*TASK ITEM*.
Omit the pictures and return exactly the stretch of the material below from the line with "丰富多彩的无缝植物纹理详细插画图片素材" through the line with "Color code: HEX #BBFF13 | qconv.com".

*DATASET RECORDS*.
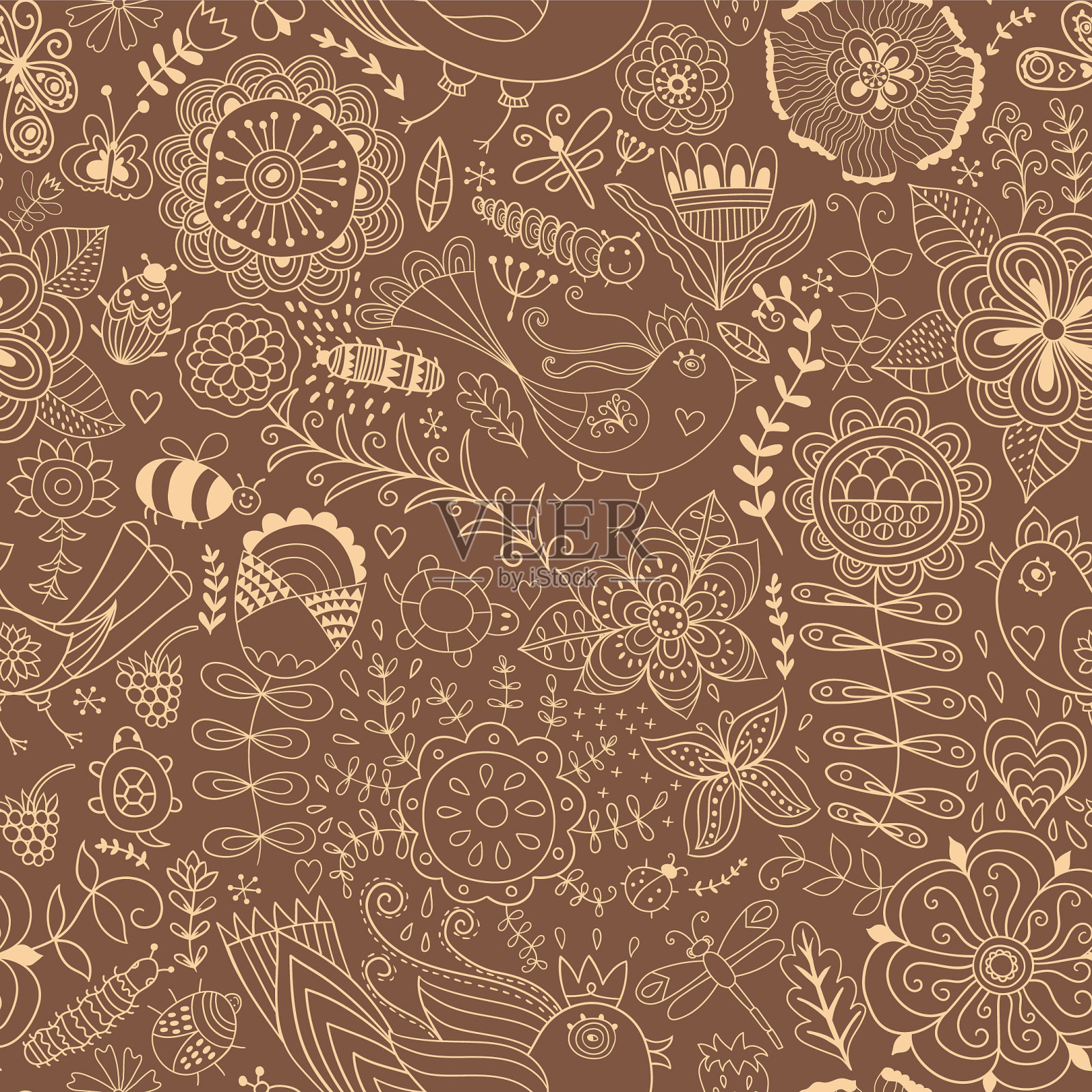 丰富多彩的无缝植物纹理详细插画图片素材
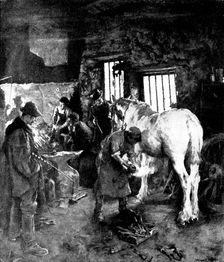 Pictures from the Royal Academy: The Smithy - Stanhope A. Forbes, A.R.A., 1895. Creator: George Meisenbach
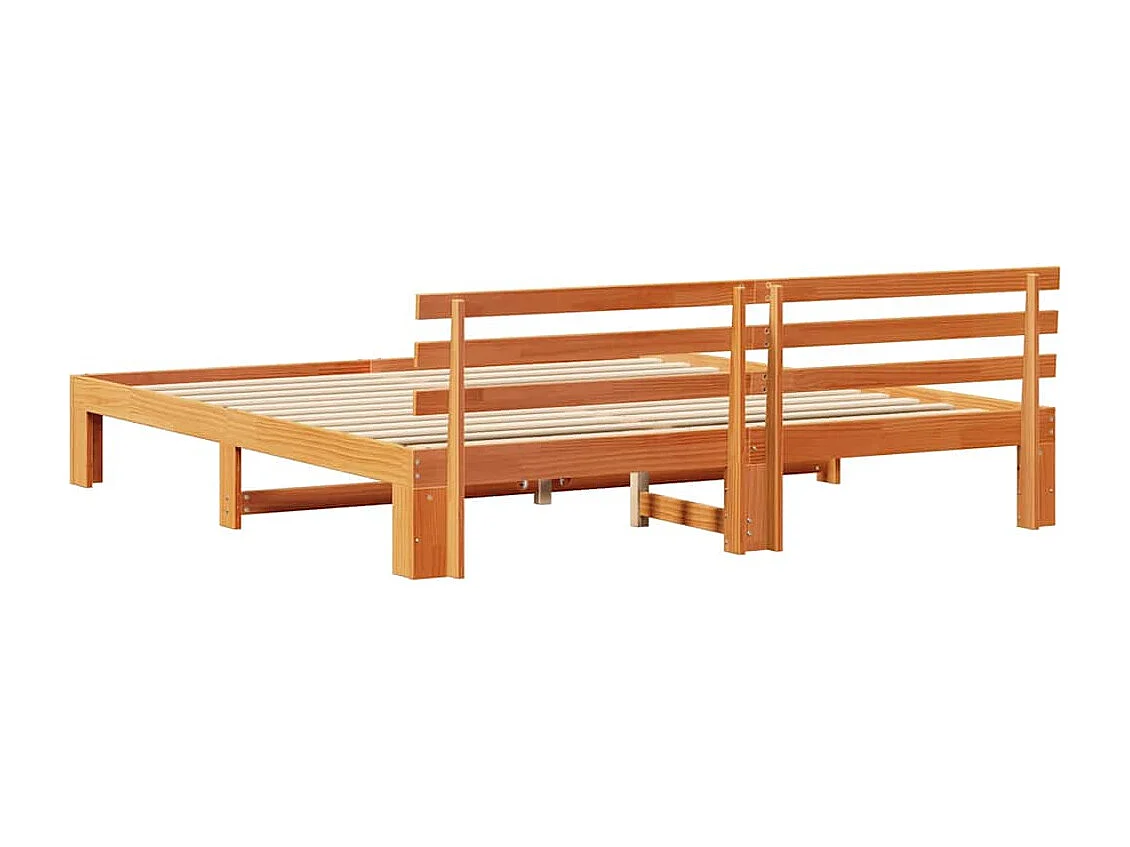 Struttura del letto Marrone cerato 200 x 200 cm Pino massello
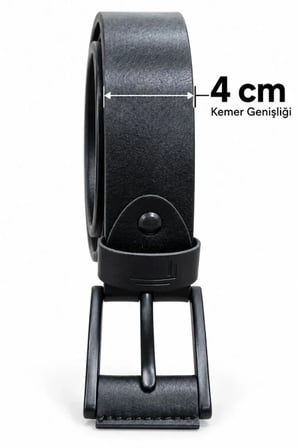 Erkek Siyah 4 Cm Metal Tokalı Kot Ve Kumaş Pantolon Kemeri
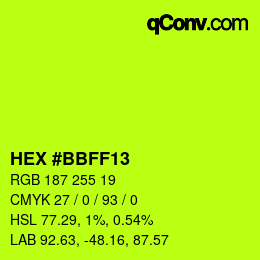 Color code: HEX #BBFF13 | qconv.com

==

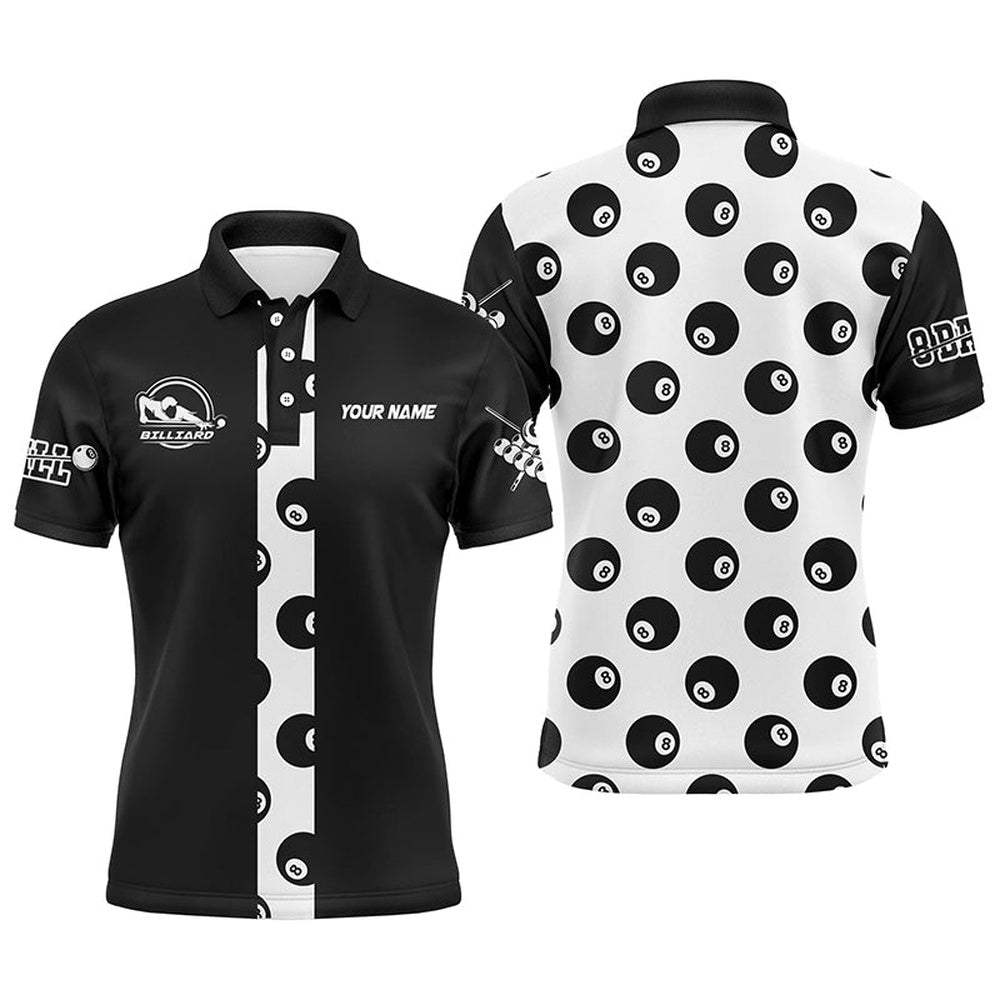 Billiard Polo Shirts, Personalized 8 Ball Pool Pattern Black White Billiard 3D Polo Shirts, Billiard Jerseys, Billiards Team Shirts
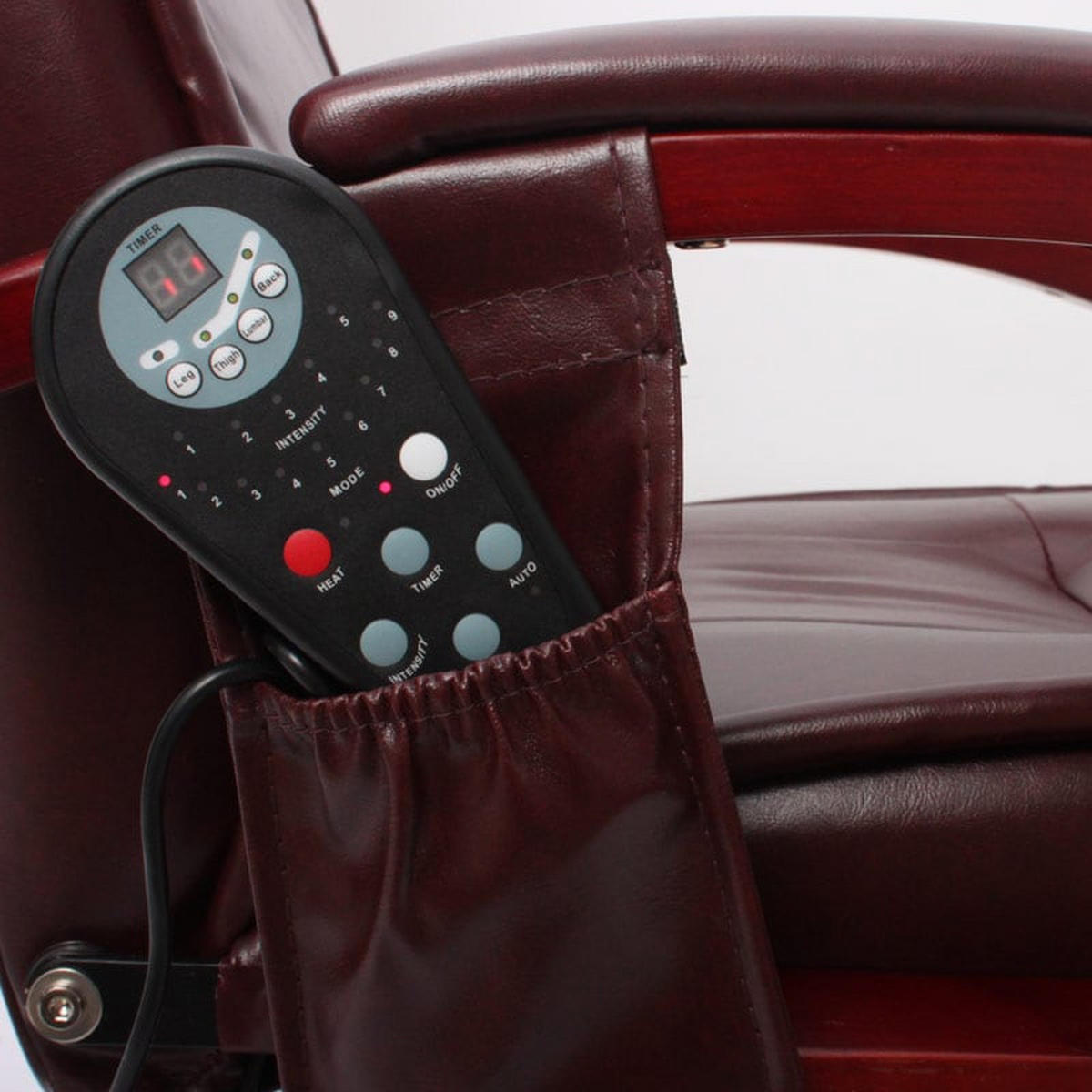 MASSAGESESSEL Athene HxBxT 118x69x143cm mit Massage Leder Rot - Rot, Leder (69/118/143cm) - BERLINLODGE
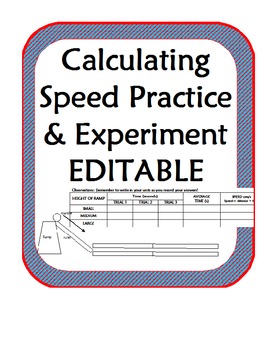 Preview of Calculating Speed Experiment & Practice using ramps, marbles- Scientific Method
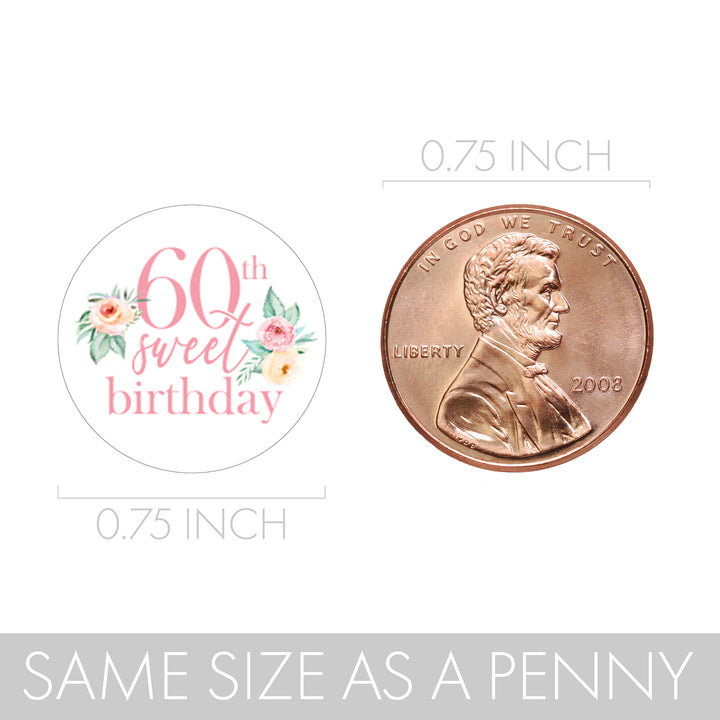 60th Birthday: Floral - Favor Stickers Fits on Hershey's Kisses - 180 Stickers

*EXERCISE OUTPUT*.
 丰富多彩的无缝植物纹理详细插画图片素材
 Pictures from the Royal Academy: The Smithy - Stanhope A. Forbes, A.R.A., 1895. Creator: George Meisenbach
 Struttura del letto Marrone cerato 200 x 200 cm Pino massello
 Erkek Siyah 4 Cm Metal Tokalı Kot Ve Kumaş Pantolon Kemeri
 Color code: HEX #BBFF13 | qconv.com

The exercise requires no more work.